Кирк посмотрел на нее сверху вниз, но увидел Чехова… его нарывы стали значительно хуже. Когда капитан отвел глаза от этого зрелища и взглянул на доктора, он увидел всю правду в ее глазах. Во время всей их дискуссии пальцы Эван Вилсон сжимали запястье Чехова, и она следила за пульсом. «Вторая стадия комы. Он сейчас умирает. Он не сможет продержаться до Среталлеса, – подумал Кирк, ему не нужны были слова Эван, чтобы понять это. – Это может быть абсолютно другая болезнь, тогда лечение убьет его, или болезнь Чехова слишком далеко зашла, чтобы ее вылечить… Но Несчастье – его единственная надежда».
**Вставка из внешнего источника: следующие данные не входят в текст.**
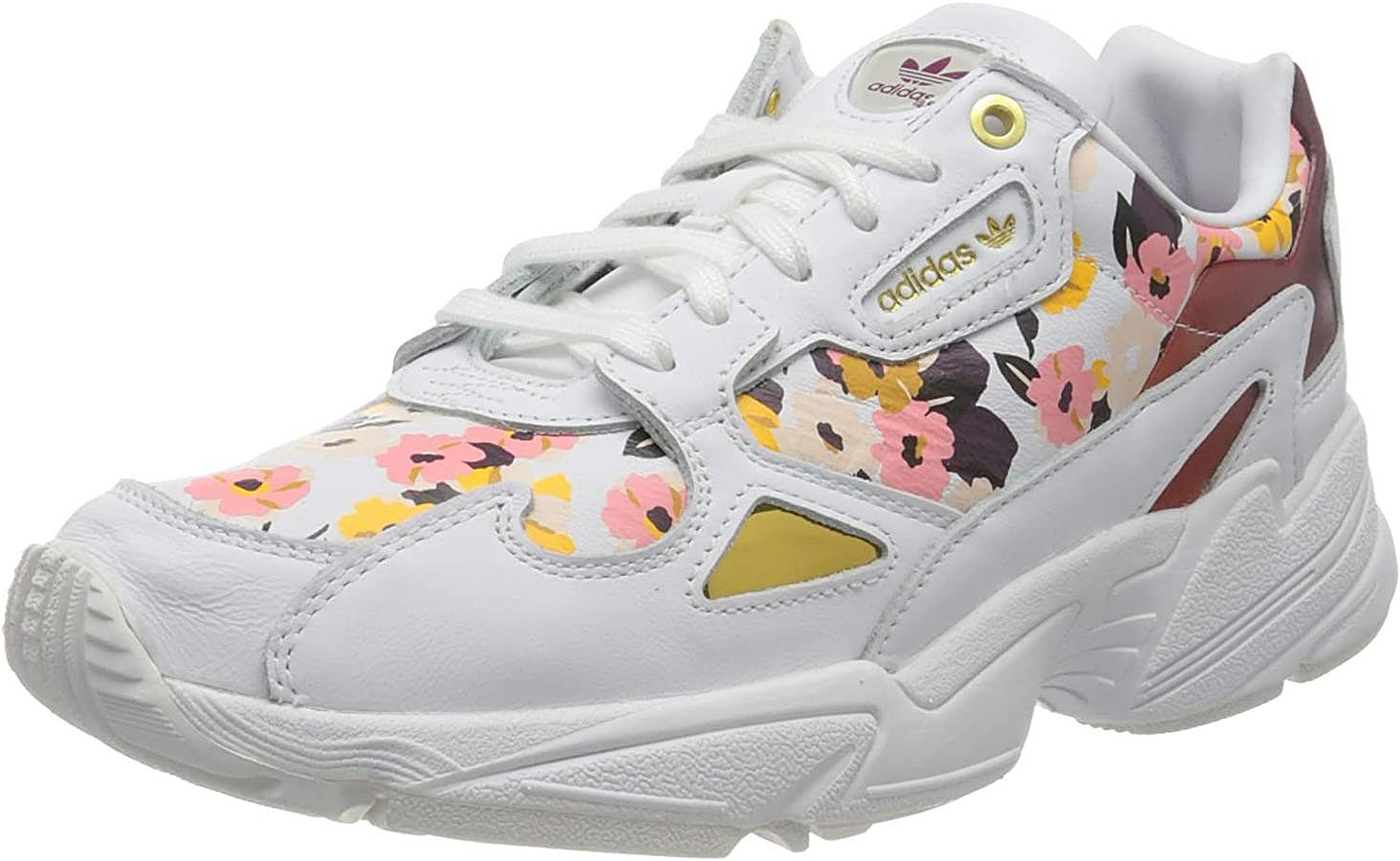 Adidas Falcon , 50 euros en Amazon.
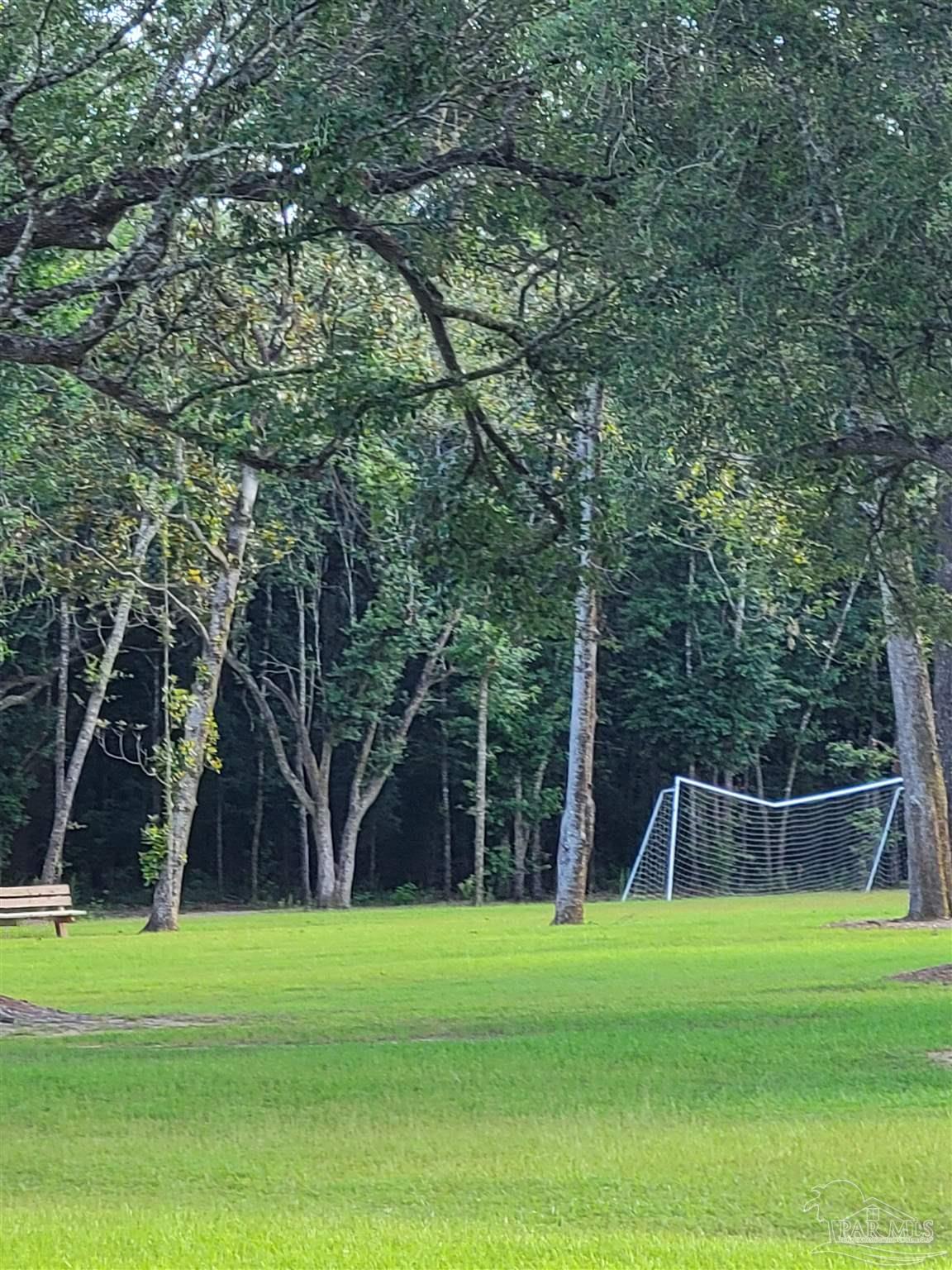 5061 Peach Drive Pace, FL 32571 - Photo 10 of 38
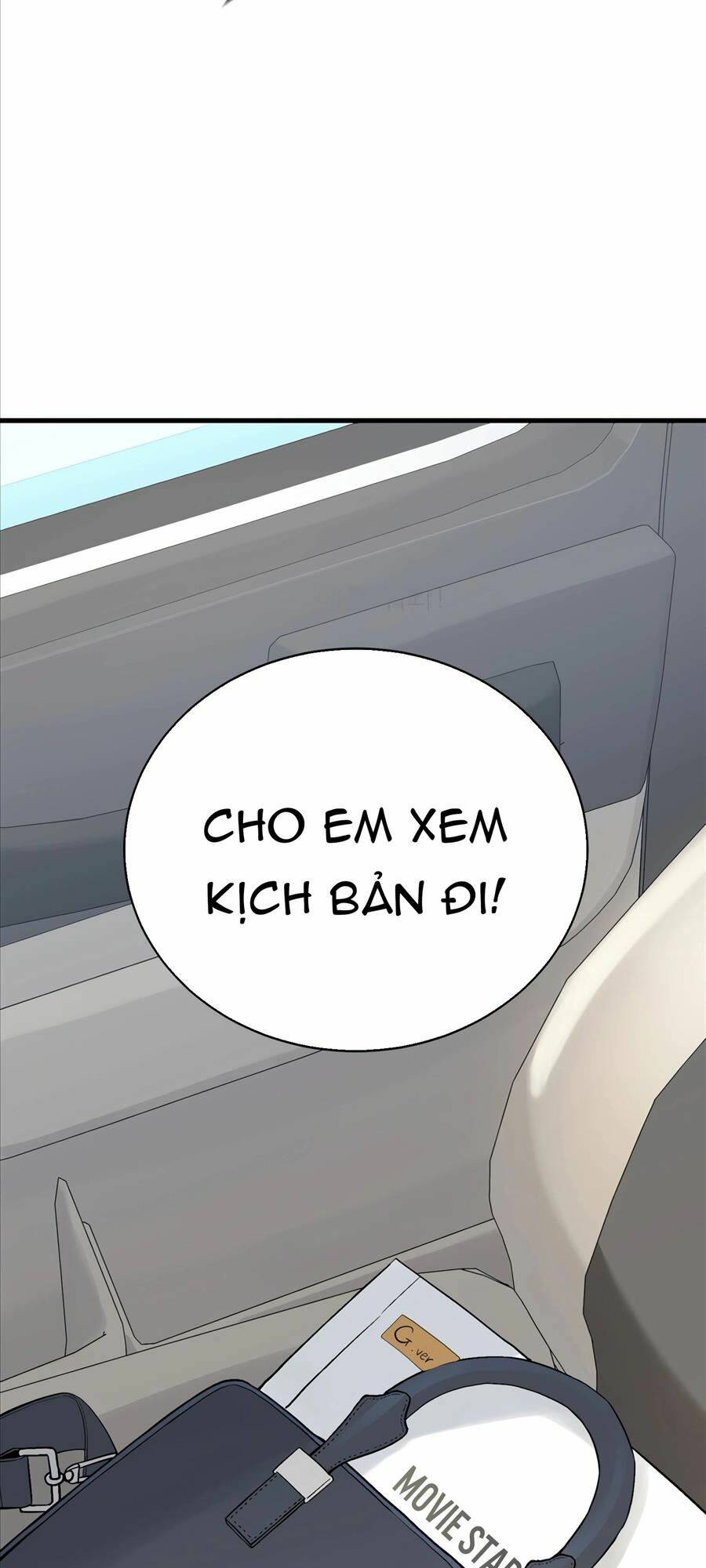 Biên Kịch Gian Lận - Chapter 15 - Page 87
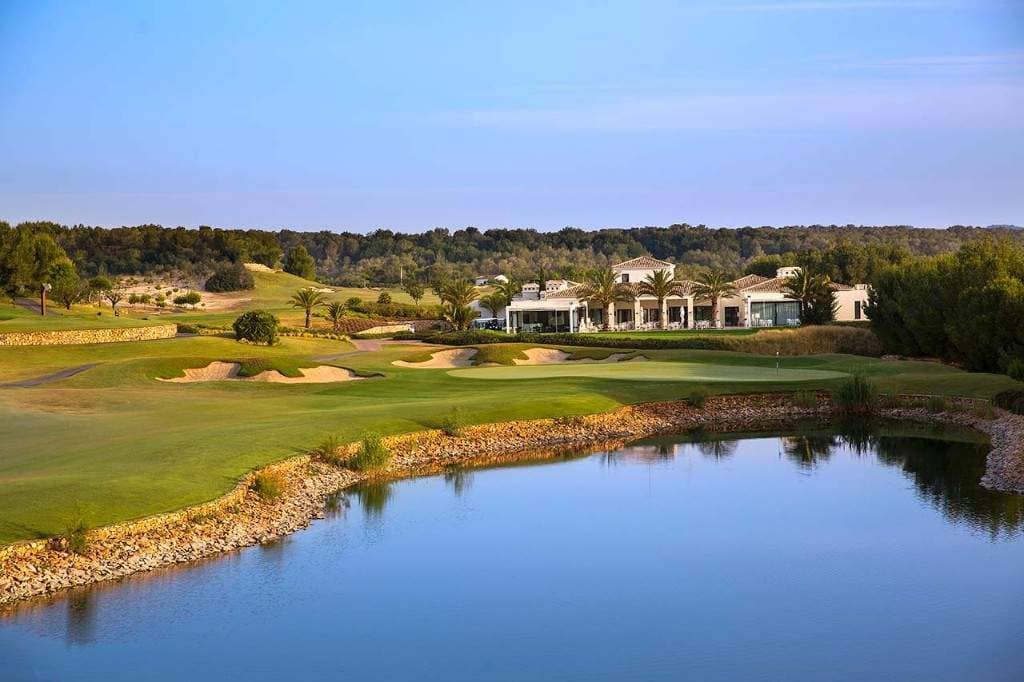 Property for Sale  SALINAS III, Spain, Costa Blanca, San Miguel de Salinas | Villacarte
Поэтому он сказал таким спокойным голосом, каким только смог:

– Да, Несчастье, пожалуйста, делай, как говорит Эван. И, пожалуйста, поспеши. – Он с благодарностью увидел, что Несчастье не заставила себя ждать.

Глава 16

Пока Стремительный Свет шел вверх по расщелине, ориентируясь по запаху, Скотти остановился, чтобы осмотреть тело спинореза. Чем дольше он рассматривал животное, тем меньше ему это нравилось. Убить такого, будучи вооруженными не более чем копьем с каменным наконечником – Они разрезали одного здесь, наверху, Скотти. По крайней мере, у них есть пища, – Скотти поднялся и полез наверх, чтобы присоединиться к сиваоанцу, и нашел его обнюхивающим нишу в каменной стене.

– Ты уверен, что они все еще живы, Стремительный Свет?

– Да, свежий запах всех четверых… но, я думаю, мистер Чехов болен.

Скотти переспросил.

– Болен? Ты имеешь в виду болен, но не ранен?

– Трудно сказать. Как я уже говорил, я не очень хорошо знаю вариации запахов твоих людей. Но я не чувствую запаха крови.

Скотти с подозрением посмотрел на его спину.

– Откуда ты знаешь этот запах?

– У вашей Эван Вилсон шла кровь, когда Вызывающий Бурю порезал ее когтем, – cиваоанец возвратился к Скотти и дважды поднял свой хвост так, что кончик указывал вверх. – Туда.